*** Entries shown ***
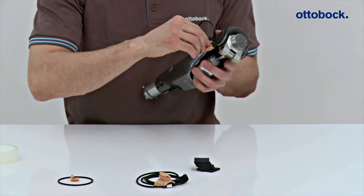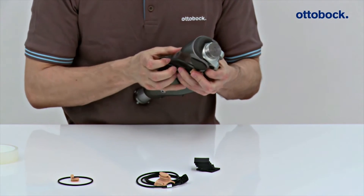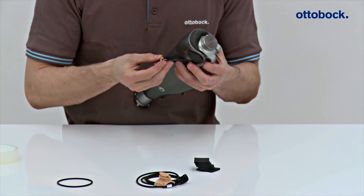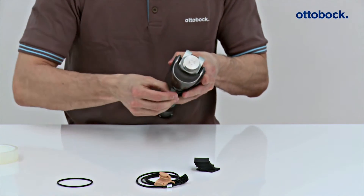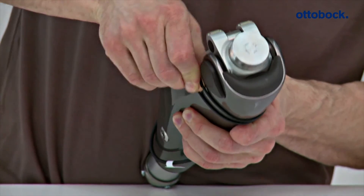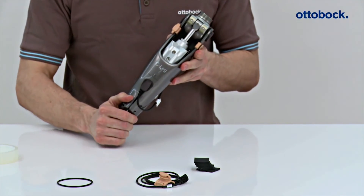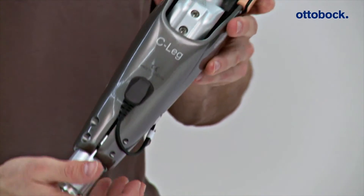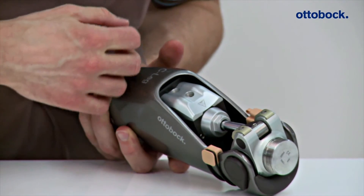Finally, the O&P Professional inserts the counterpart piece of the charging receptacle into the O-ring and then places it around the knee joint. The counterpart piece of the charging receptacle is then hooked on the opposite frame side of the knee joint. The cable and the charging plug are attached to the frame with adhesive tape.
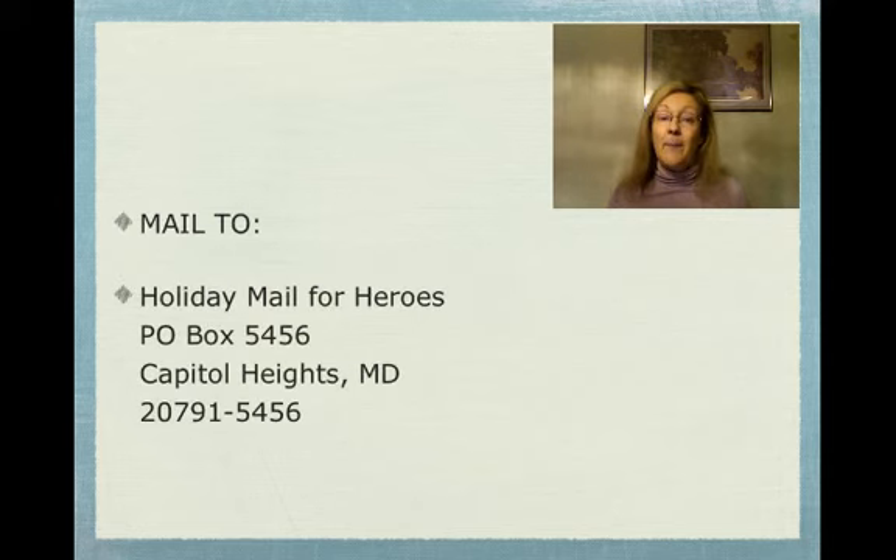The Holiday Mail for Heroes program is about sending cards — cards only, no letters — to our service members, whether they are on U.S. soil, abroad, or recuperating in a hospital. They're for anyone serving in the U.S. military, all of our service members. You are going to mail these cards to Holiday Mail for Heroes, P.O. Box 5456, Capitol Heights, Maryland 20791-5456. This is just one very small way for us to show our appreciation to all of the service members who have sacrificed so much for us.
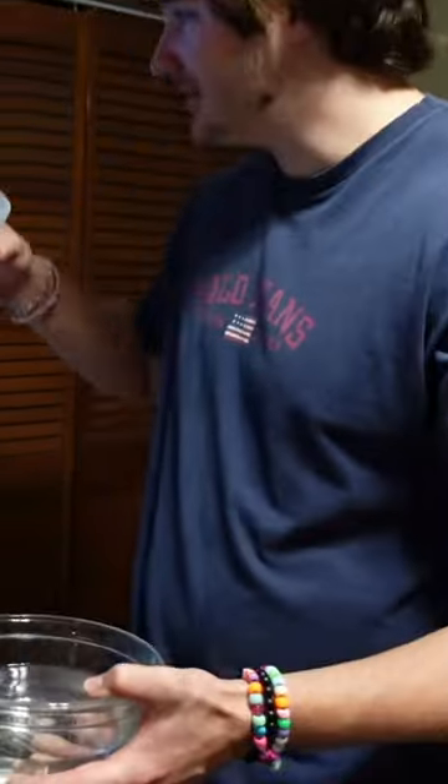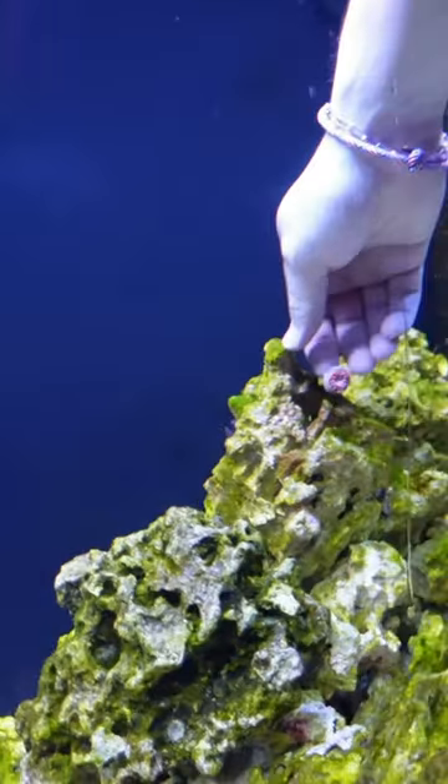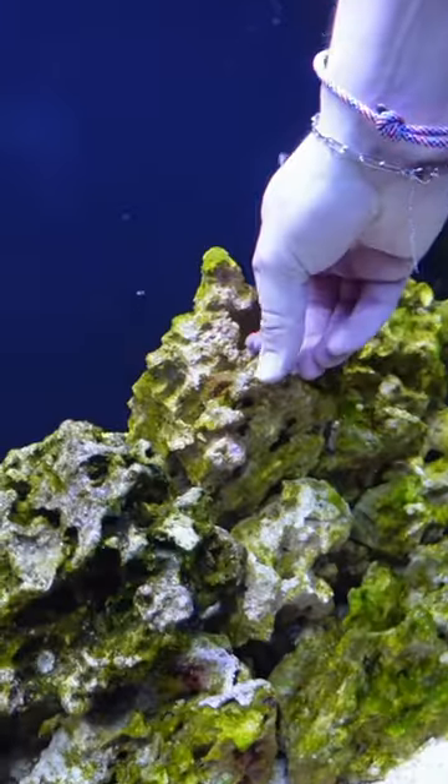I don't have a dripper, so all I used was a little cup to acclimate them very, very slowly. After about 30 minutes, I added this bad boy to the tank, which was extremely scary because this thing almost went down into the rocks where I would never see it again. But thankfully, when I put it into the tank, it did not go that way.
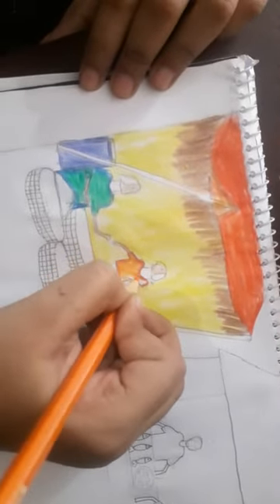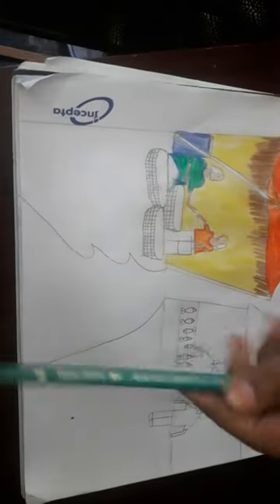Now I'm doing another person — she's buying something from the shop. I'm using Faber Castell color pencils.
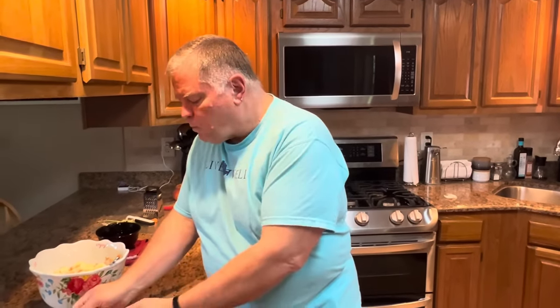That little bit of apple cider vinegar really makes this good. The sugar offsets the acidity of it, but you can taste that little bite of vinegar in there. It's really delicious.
***
*** Entries shown ***
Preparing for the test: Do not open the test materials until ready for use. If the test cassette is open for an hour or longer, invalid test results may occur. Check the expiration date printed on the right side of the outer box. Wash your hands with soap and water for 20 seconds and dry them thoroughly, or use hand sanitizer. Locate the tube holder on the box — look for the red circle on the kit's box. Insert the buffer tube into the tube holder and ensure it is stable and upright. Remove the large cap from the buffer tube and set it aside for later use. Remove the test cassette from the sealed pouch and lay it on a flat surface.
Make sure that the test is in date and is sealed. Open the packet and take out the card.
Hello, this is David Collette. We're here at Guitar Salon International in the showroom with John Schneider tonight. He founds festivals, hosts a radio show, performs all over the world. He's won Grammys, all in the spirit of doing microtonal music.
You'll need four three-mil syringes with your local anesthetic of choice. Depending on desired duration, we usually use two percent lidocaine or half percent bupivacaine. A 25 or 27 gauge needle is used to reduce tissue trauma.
***
## How to complete this task
Reproduce exactly, with no pictures, the lines above from the one holding "Finally, the O&P" to the one holding "That little bit of", inclusive.

## Answer for the task
Finally, the O&P Professional inserts the counterpart piece of the charging receptacle into the O-ring and then places it around the knee joint. The counterpart piece of the charging receptacle is then hooked on the opposite frame side of the knee joint. The cable and the charging plug are attached to the frame with adhesive tape.
The Holiday Mail for Heroes program is about sending cards — cards only, no letters — to our service members, whether they are on U.S. soil, abroad, or recuperating in a hospital. They're for anyone serving in the U.S. military, all of our service members. You are going to mail these cards to Holiday Mail for Heroes, P.O. Box 5456, Capitol Heights, Maryland 20791-5456. This is just one very small way for us to show our appreciation to all of the service members who have sacrificed so much for us.
I don't have a dripper, so all I used was a little cup to acclimate them very, very slowly. After about 30 minutes, I added this bad boy to the tank, which was extremely scary because this thing almost went down into the rocks where I would never see it again. But thankfully, when I put it into the tank, it did not go that way.
Now I'm doing another person — she's buying something from the shop. I'm using Faber Castell color pencils.
That little bit of apple cider vinegar really makes this good. The sugar offsets the acidity of it, but you can taste that little bite of vinegar in there. It's really delicious.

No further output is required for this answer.